2nd street towards Kirby in West Point. Credit: Kara Jackson
2nd street towards Kirby in West Point. Credit: Kara Jackson

By Gene Petriello - bio | email

WEST POINT, VA (WWBT) - Several rivers in the areas east of Richmond near the York River are overflowing their banks, leaving homes surrounded by water. This as neighbors are pulling together to watch the homes of people from Richmond and beyond who can not make it down east this week. 

The water simply didn't stop coming. It just keeps on creeping up, surrounding the homes, Iincluding the home of Richmonder Chris Townsend.

We couldn't even make our way over to interview him.
"When we went to bed, everything was fine. But, now, it's like we're on a boat," says Chris.

Things were getting so bad, he had to brave the rising water surrounding his dock, "putting the boat up, taking all the electronics off. I think we're going to try to get out of here."

On top of that, the entire community here is checking on their neighbors' homes; people back in Richmond and beyond who just can't make it down here.
"We're just watching their boat. There's an elderly neighbor. We're keeping an eye on their house," says Brian Heid, whose home we could not get to either to interview him.  
The big concern is that the water will continue to rise, especially tonight at the next high tide.
Once the storm passes, the big problem now is cleaning up this mess. That'll include picking up the bottles and sweeping up. It's a lot of work that needs to be done in the coming days.
Here's why: the rivers are literally not stopping, docks are underwater, boats tied up and debris is everywhere. The wind is tossing things all over the ground.

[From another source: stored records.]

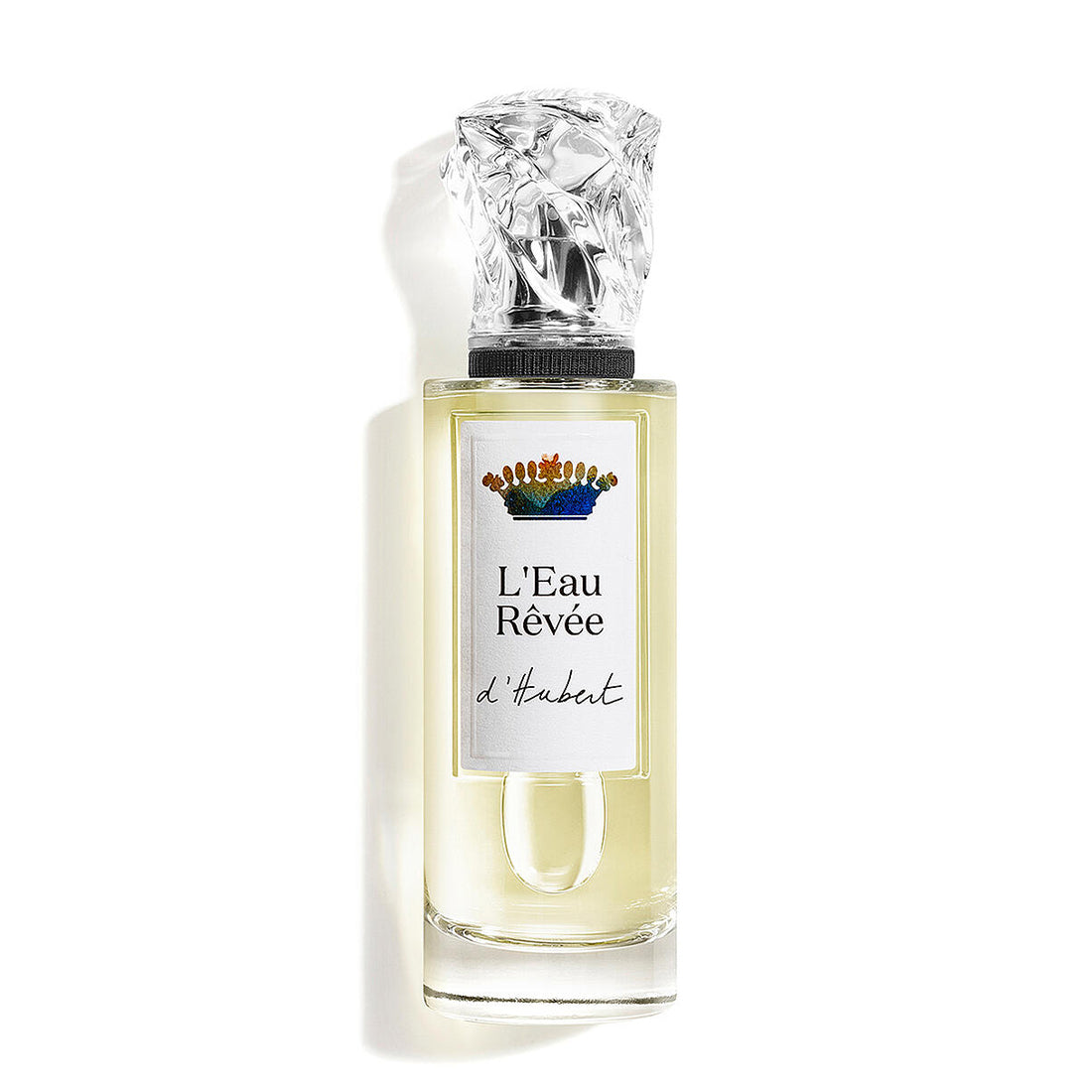 L'eau Revee D'hubert Eau De Toilette 50 ML_SIS193550_Sisley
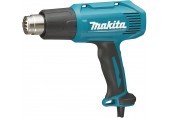 Makita HG6030K Teplovzdušná pištoľ (1800W/600°C)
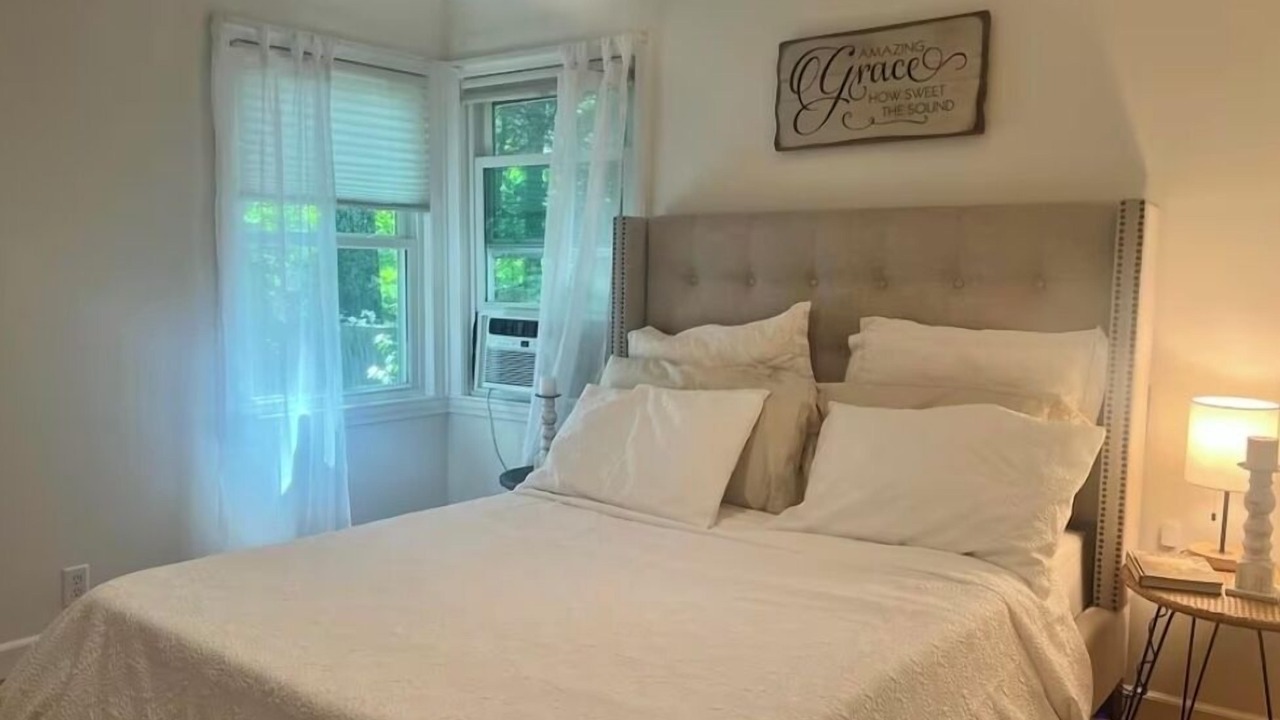 Photo of Bedroom in Brimfield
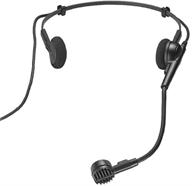 🎙️ enhanced audio-technica pro 8hex hypercardioid dynamic headworn microphone with xlr connector logo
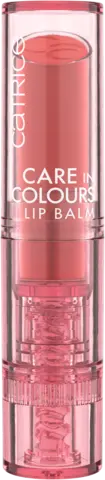 Care In Colours Lip Balm Feelin Pretty 020 von CATRICE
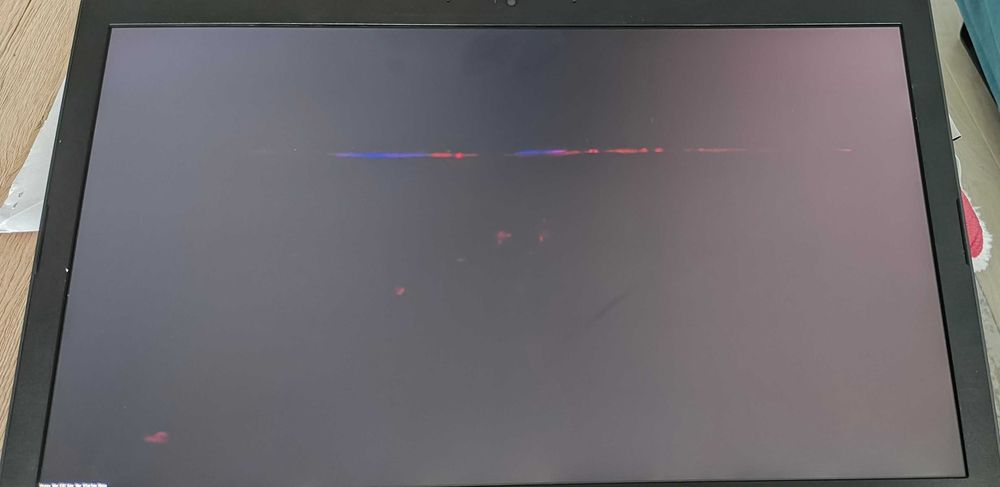 Laptop gaming HP Omen 17', I7 6700, nVidia 965m, 16 GB RAM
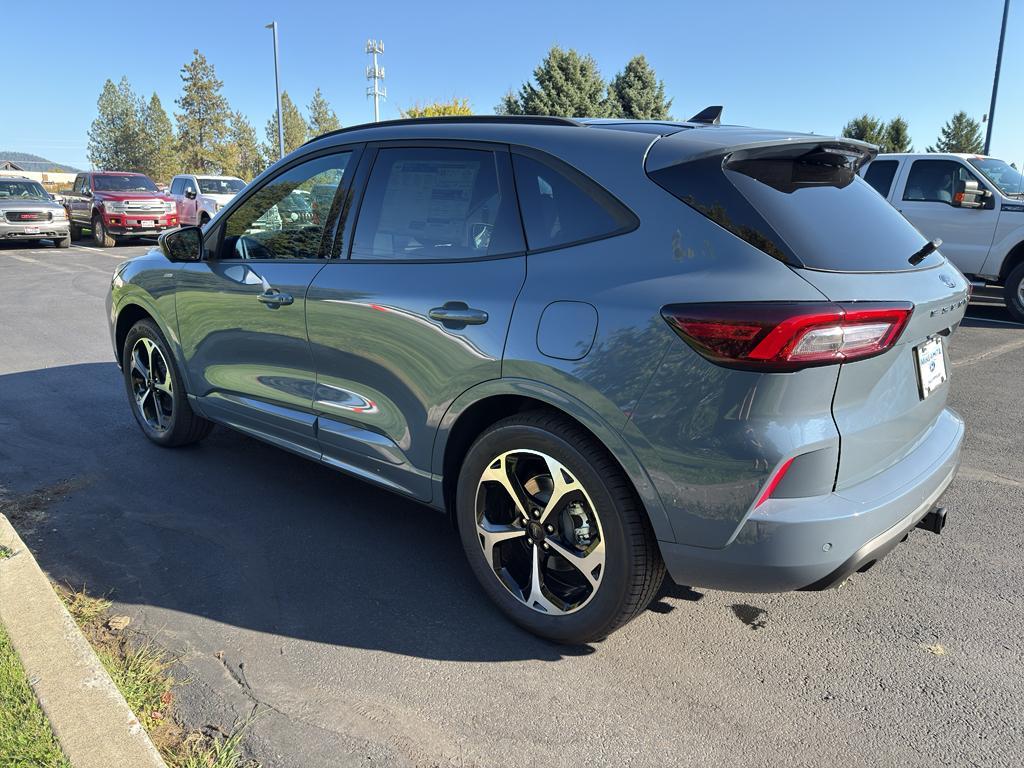 new 2025 Ford Escape car, priced at $43,520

It's the heart of the storm for Harry Whitt and his neighbors, including some who just couldn't make it down.

"It's old hat for people that don't have to put up with it. Those of us who have to put up with it, it's always an adventure and you never get too used to it," says Harry.
The unknown is just how high the water will get and the damage it'll bring.
"It's just a pain. You know, you got to pick up, clean up," says Harry. 
Not only his yard, but others as well.
"It's a big inconvenience right now, but it's not like we're losing property," says Brian.

It's the property of others that floats in the water, turning streets into lakes, trapping Chris.

"It's just mother nature. You can't control it. It's just rolling with the tide," adds Chris. 

A tide, that everyone here is hoping will soon turn, so the cleanup can begin. This, as they hope things don't get any worse.

"You have to clean up, clean the yard. But that's the price you have to pay for living on the river," Harry tells us. 

The clean up is something he's not looking forward to, "but it's something you just got to do. That's what the weekends are for."
One example of the clean up to come is logs from Chris' dock, that are floating about 40 yards away from his home.